L’horloge N° 8 aurait pu remporter le prix du Parlement britannique si ce prix n’avait pas déjà été attribué à John Harrison. Ferdinand Berthoud a donc aussi résolu – après Harrison et Pierre Le Roy – le problème des longitudes comme on l’entendait au XVIIIe siècle.
Il est intéressant’ de noter l’opinion de M. de Fleurieu, le commandant de l’ « Isis », qui s’est particulièrement occupé des horloges de Ferdinand Berthoud au cours d’un voyage de plus d’une année.
Voici ce que M. de Fleurieu écrit dans l’ouvrage signalé : « Tel est le résultat général de l’épreuve des horloges marines de M. Ferdinand Berthoud. On voit assez qu’en supposant même que ces machines ne pussent pas acquérir encore entre ses mains une perfection au-dessus de celle qu’on leur a reconnue, le moyen qu’elles offrent aux marins pour déterminer les Longitudes en mer, est déjà susceptible d’une exactitude supérieure à ce qu’exige l’usage de la Navigation et suffisante pour perfectionner la Géographie. Mais que ne doit-on pas attendre d’un génie fécond lorsqu’il est dirigé par la théorie et l’expérience ? On a tout lieu d’espérer que les nouvelles recherches dont ce célèbre Artiste s’est occupé depuis l’épreuve de ses horloges auront porté cette découverte au plus haut degré de perfection. Je n’ajouterai rien pour relever le mérite et le succès de son travail : il est au-dessus de l’éloge, comme au-dessus de l’envie. Je ne crois pas pouvoir le louer mieux qu’en exposant, en détail, dans le journal de ma navigation, les secours multipliés que ses horloges m’ont fournis, pour redresser l’estime, apprécier l’effet des courants et d la dérive, décider les atterrages, rectifier les cartes marines, dresser enfin, d’après les déterminations des horloges, une nouvelle Carte réduite de toute la partie du globe la plus intéressante, la plus fréquentée, connue sous le nom d’Océan atlantique ou occidental.. »

Conclusion        

Cette étude trop succincte des efforts de Ferdinand Berthoud dans le domaine de la chronométrie de marine montre les grandes qualités de l’horloger du Roi. Berthoud fut non seulement un grand artiste, un horloger habile connaissant à fond son métier ; il possédait les connaissances théoriques si utiles au praticien. On peut être étonné de le voir défendre des opinions déjà peu défendables à la fin du XVIIIe siècle, mais toujours il avance des raisons de bon sens ; il n’ignore pas les acteurs agissant sur la marche des horloges, mais parfois il n’évalue pas bien l’importance de l’un ou de l’autre facteur.

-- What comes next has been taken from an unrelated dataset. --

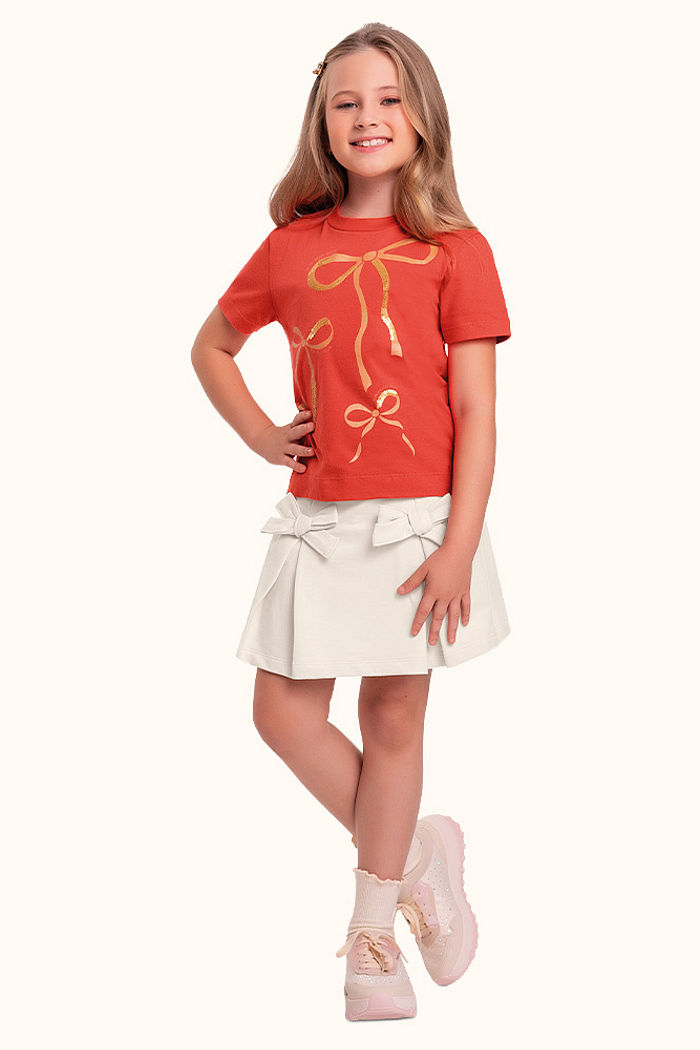 Blusa em meia malha com bordado em lantejoula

On ne peut pas avoir tous les talents il est certes regrettable que Ferdinand Berthoud n’ait pas eu une connaissance approfondie de la physique et de la mécanique de son temps. Car il avait ce qu’on appelle l’esprit scientifique, le sens de la recherche expérimentale ; il savait observer et inventer, puis construire des instruments tels que sa balance élastique ; enfin il savait douter et ne croyait jamais avoir atteint la perfection.
Avec des idées scientifiques plus claires, Berthoud aurait perdu moins de temps dans ses essais et serait arrivé à des résultats encore plus satisfaisants:
Il est ridicule et vain de regretter, mais on peut imaginer ce qu’aurait été pour l’horlogerie un être ayant la main et la curiosité d’esprit de Ferdinand Berthoud avec l’intelligence et les connaissances scientifiques de Christiaan Huygens.